The next day Jon, Chrissy and Lana come over and we have a celebratory taco dinner.  They have just come from a doctor's appointment and have new ultrasound pictures.  The new baby is a girl!  Grandchild #10!  But the excitement never fades or grows old.  We can't wait to meet this new person who will join this big, crazy family and who will be so loved by all.

You with little ones right now in the midst of sleepless nights and toddler defiance and runny noses--this is your heritage and your reward!  "Gray hair is a crown of glory..."  Proverbs 16:31.

Wednesday, May 08, 2013

Last Day of School

Well, not really the last day.  Arielle and Liana won't be finished totally until June.  But the 24 weeks at our co-op is over.  I believe we ended well.  I can't believe I really did all that teaching--considering how fearful I was last summer when I was anticipating all I had to do. 

The girls have flourished at their school.  They are more outgoing and confident.  I attribute this to the kind, loving kids here.  These kids are not clique-ish and are welcoming to everyone.  My daughters were fully loved and accepted, just as all the students are, no matter how quirky they are or how different they might be perceived by the world outside of school.  Arielle made a comment at the beginning of the year that all students here "could just be themselves." 

I found out Arielle and Liana have an inner drive to succeed in school.  They studied hard to complete what was expected of them.  Arielle gave a required speech and I was witness to her poise and assertiveness.  (So unlike me!)  The girls' attitudes toward their teachers were sometimes quite different from their attitude toward me as their teacher!  But that is good.  They are also somewhat competitive.  Little did I know.  I feel we have the best of both worlds right now.  They have this "school" experience in a safe environment, but they are also being homeschooled the way Fred and I long ago determined was best for them.
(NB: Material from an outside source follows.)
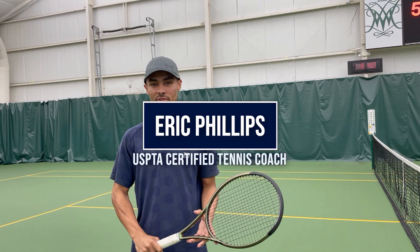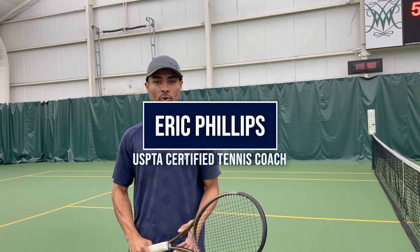I'm coach Eric from McCormick Nagelson Tennis Center, and today I'm talking about the forehand. The biggest thing with the forehand is the start — the prep.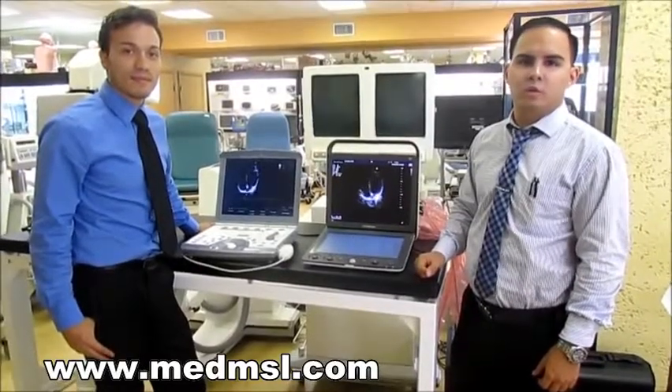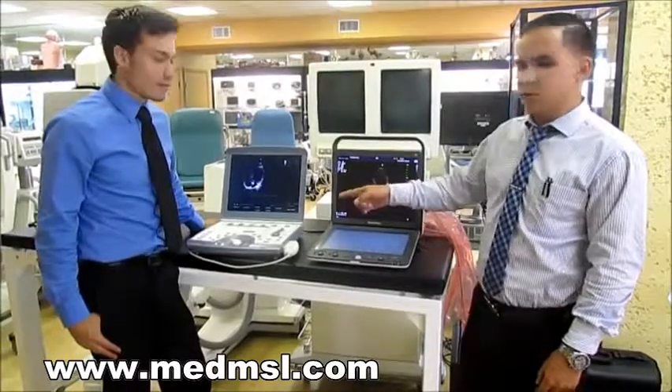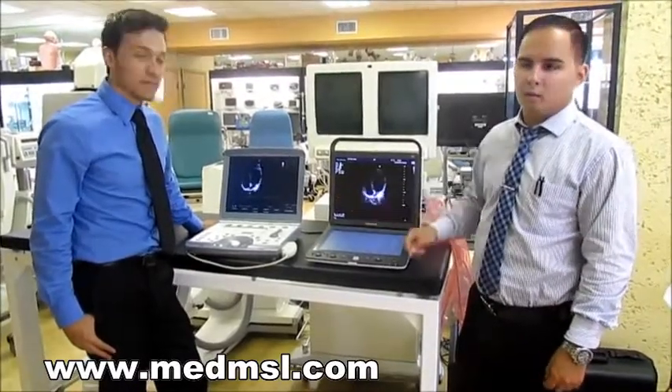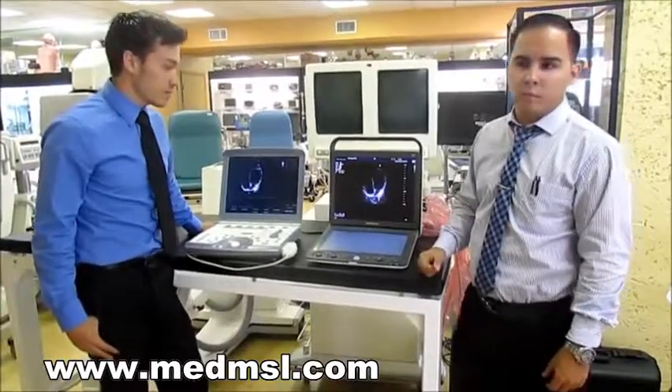We're here to talk to you about diagnostic ultrasounds. We're going to compare our brand new Sonoscape S9 versus the GE Vivid Eye — both cardiology ultrasounds — and I'm going to let George tell you a little bit more about it.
I also discovered this year that I love teaching. My students are vibrant, energetic kids who  get excited about science and learning. What really surprised me most was that many times other students would join our class unexpectedly during their free time.  We have laughed a lot in class this year and we've done some fun projects.  In physical science it was our cornstarch experiment that was the best.  It was supposed to simulate plastic rock, the proposed theory that a layer of our earth is made of a material like this.  The kids created quite a mess, but they were amazed by the special properties of this mixture and continued to play with it long after class was over.  When we studied electricity, I brought in a gadget Fred made when he was in school to become an electrician.  One boy was so interested in it that Fred let him keep it.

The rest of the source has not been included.